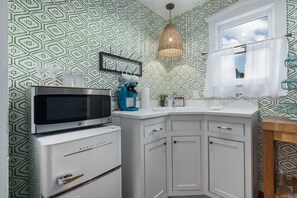 Refrigerador, microondas, cafetera y tetera y utensilios de cocina 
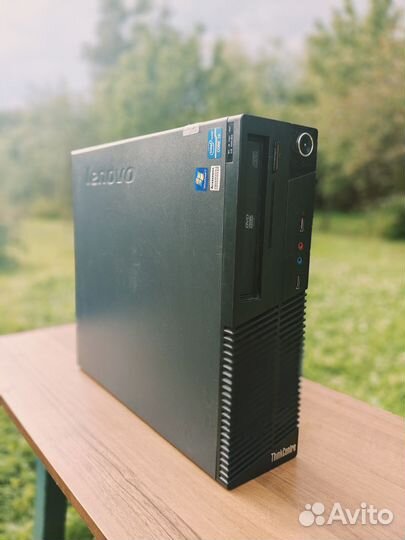 Lenovo Xeon E3-1220 / 8 GB / SSD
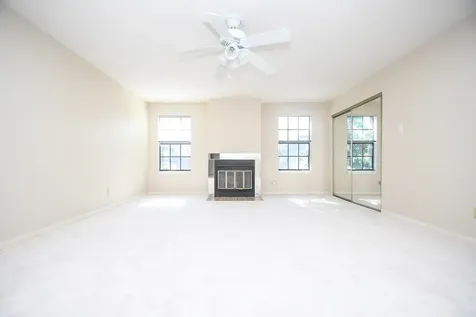 9800 Pagewood Lane 2108 Houston TX 77042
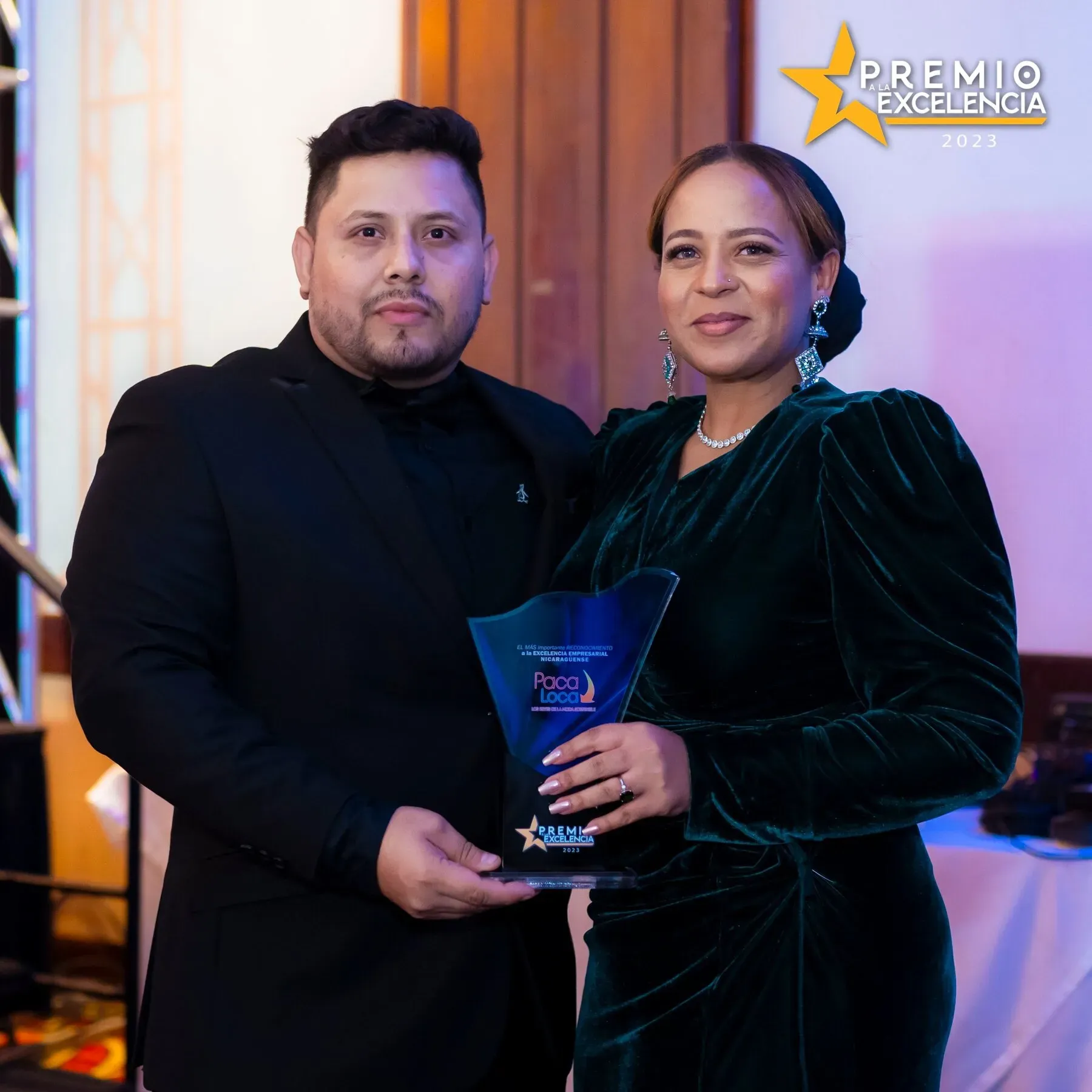 Entrega de galardón en el escenario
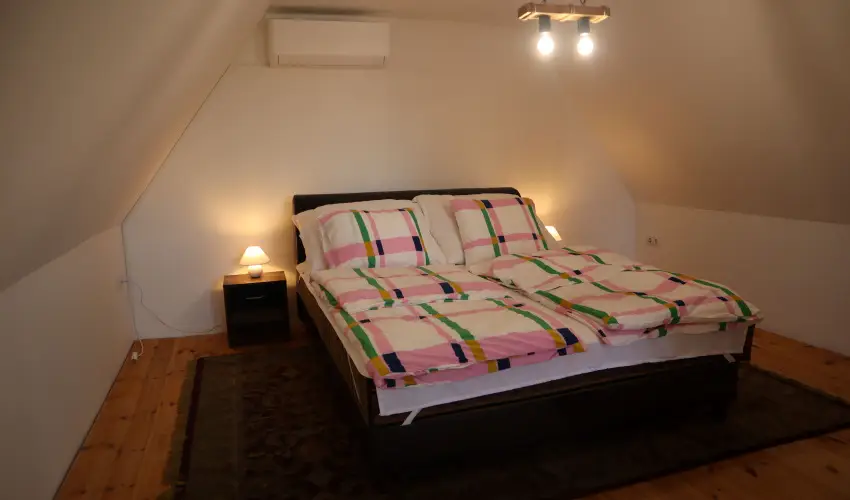 T�csi lak Szigetszentm�rton - Okt�ber 23. (min. 2 �j)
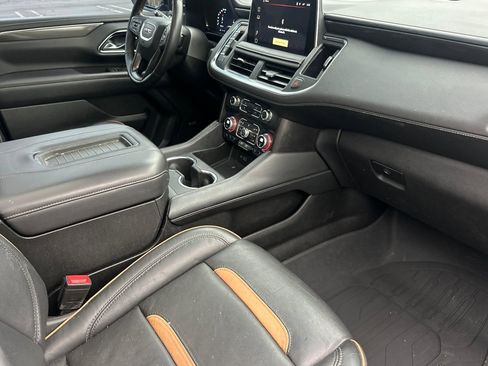 Used 2023 GMC Yukon XL AT4 w/ AT4 Premium Package image 17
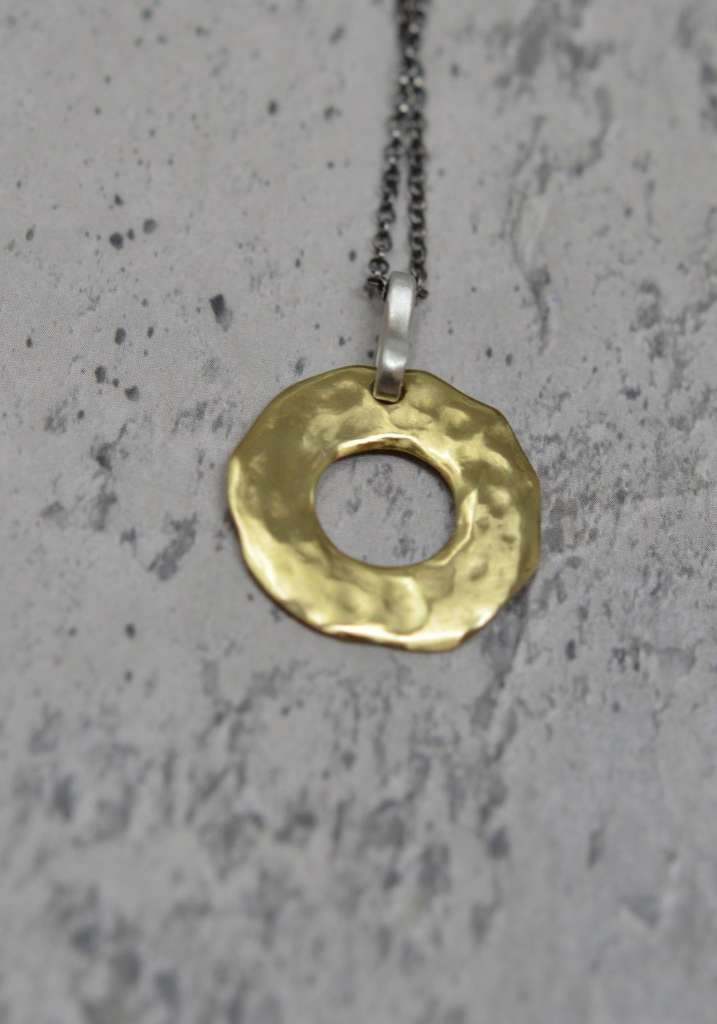 Rose & Lini ROSAMARIA ROUND BRONZE PENDANT NECKLACE 2025
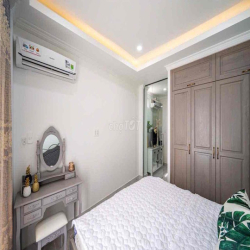 CHO THUÊ CĂN HỘ CAO CẤP 1PN NHÀ MỚI BAN CÔNG 40-55m2 NGAY BẾN THÀNH Q1
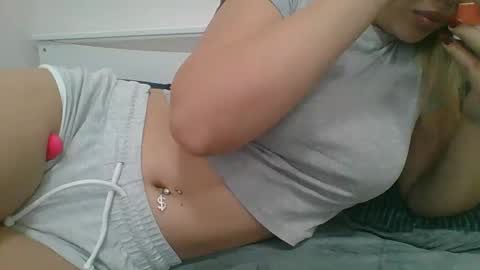 Snapshot of emma_991 chatting on November 2025 09:31:01 AM emma_991 online show from November 2025 09:31:01 AM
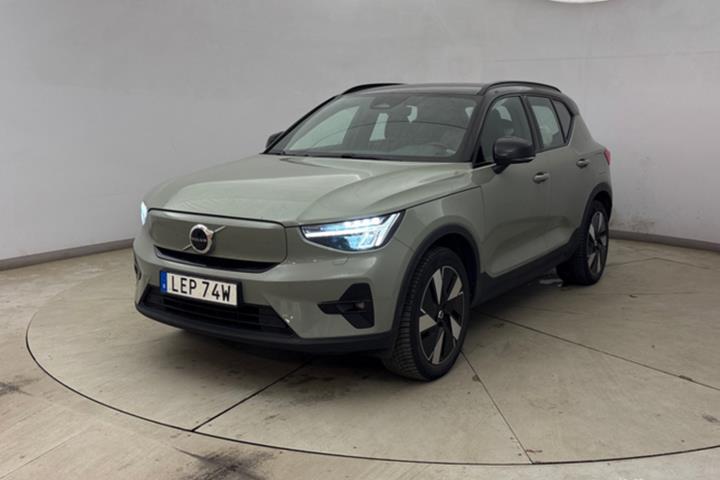 Grøn Volvo XC40 fra 2024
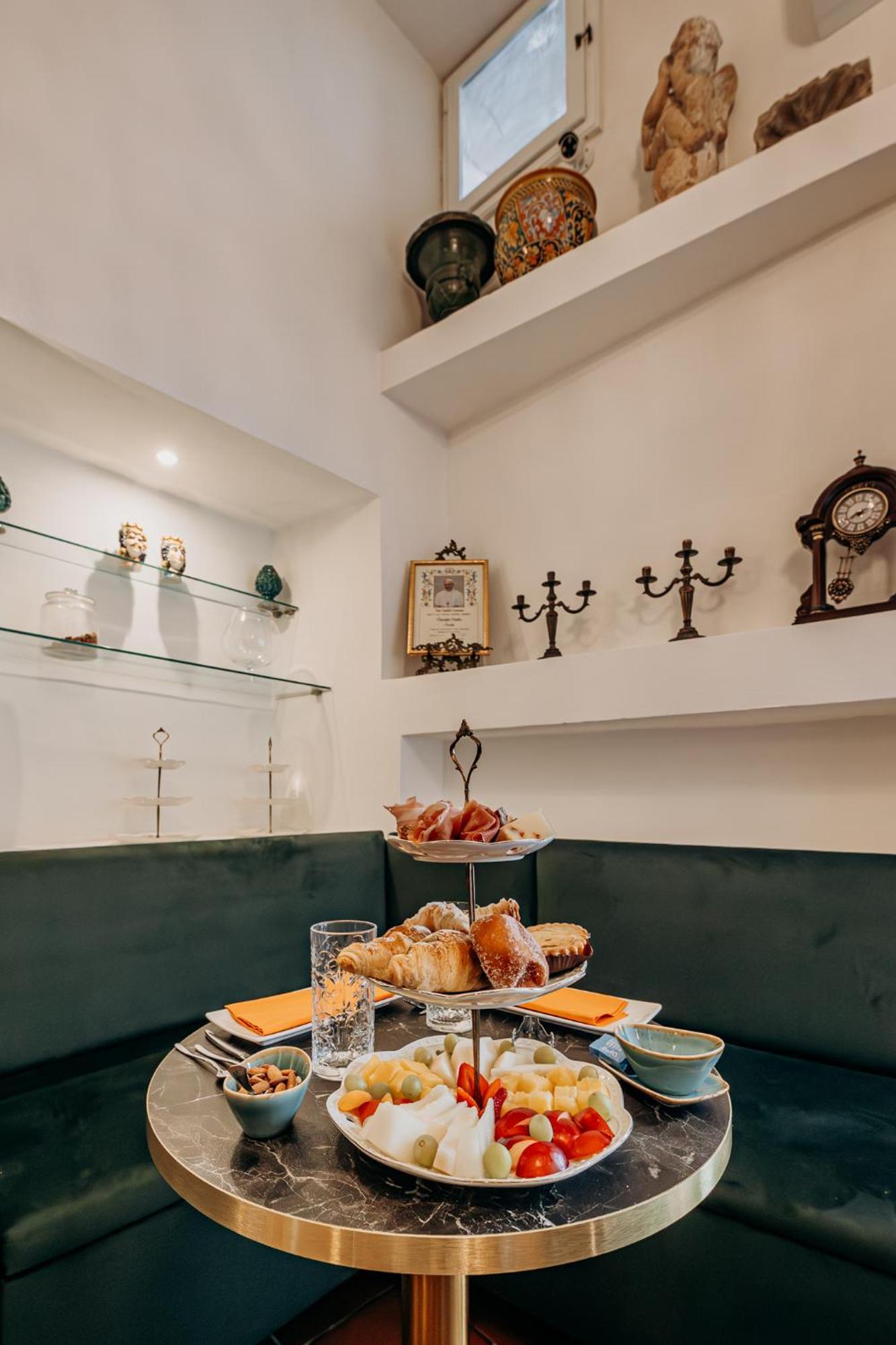 Palazzo Giunta - Porta Marina Ortigia Bed & Breakfast Syracuse ภายนอก รูปภาพ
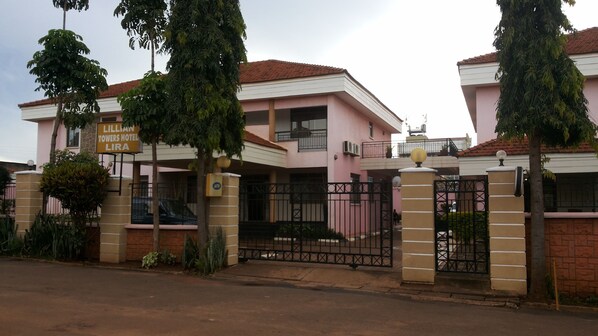 Fachada de la propiedad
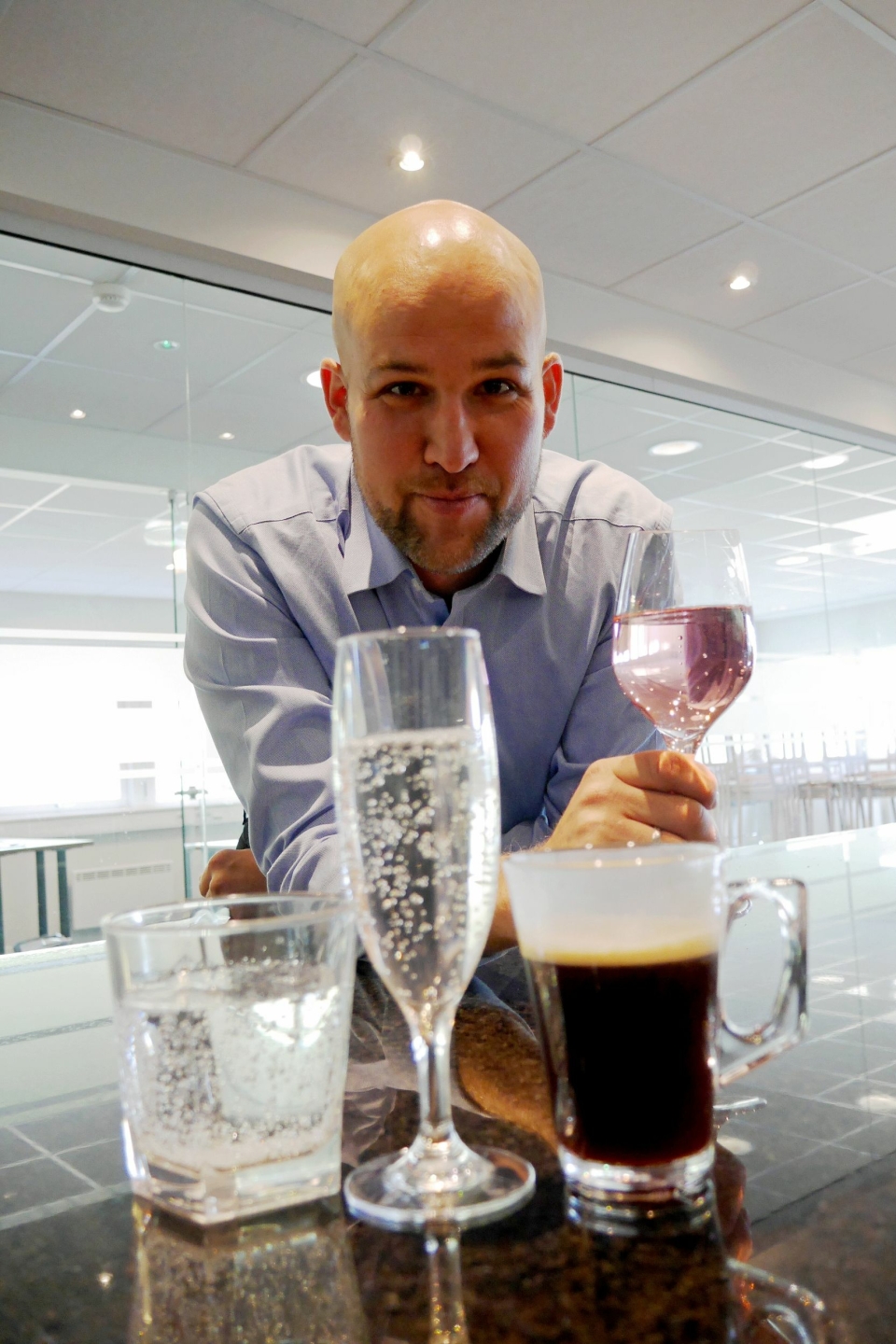 PLASTIC FANTASTIC: Kim Johansen og glass 4 ever vil ha horeca-bransjen over på plast.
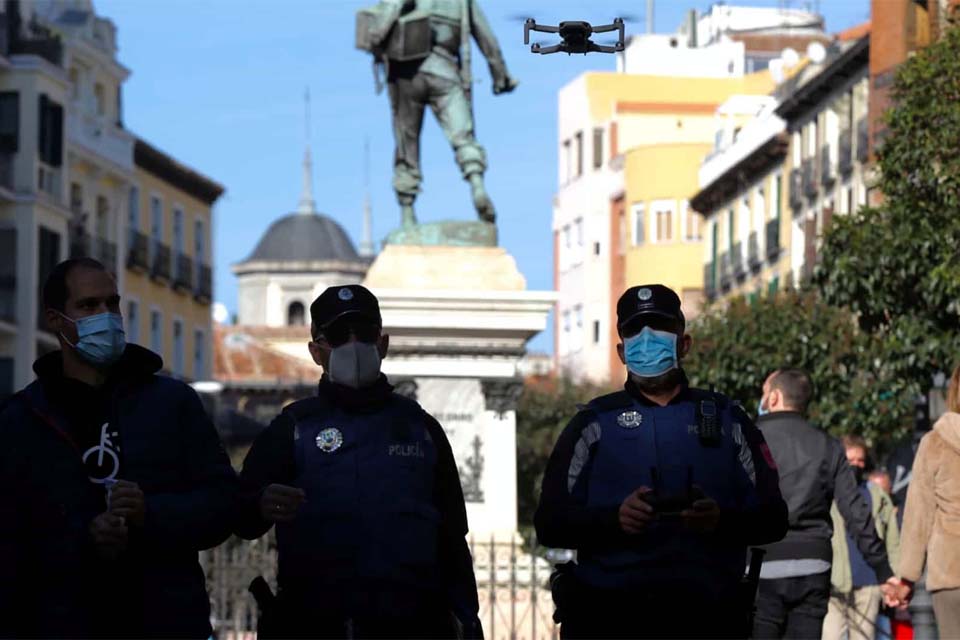 Números de contágios e óbitos descem em Espanha nas últimas 24 horas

■ ■ ■ ■ ■

Exclude the pictures, and output exactly the lines from the one with "Fachada de la propiedad" through the last line of the records, both included.

 Fachada de la propiedad
 PLASTIC FANTASTIC: Kim Johansen og glass 4 ever vil ha horeca-bransjen over på plast.
 Números de contágios e óbitos descem em Espanha nas últimas 24 horas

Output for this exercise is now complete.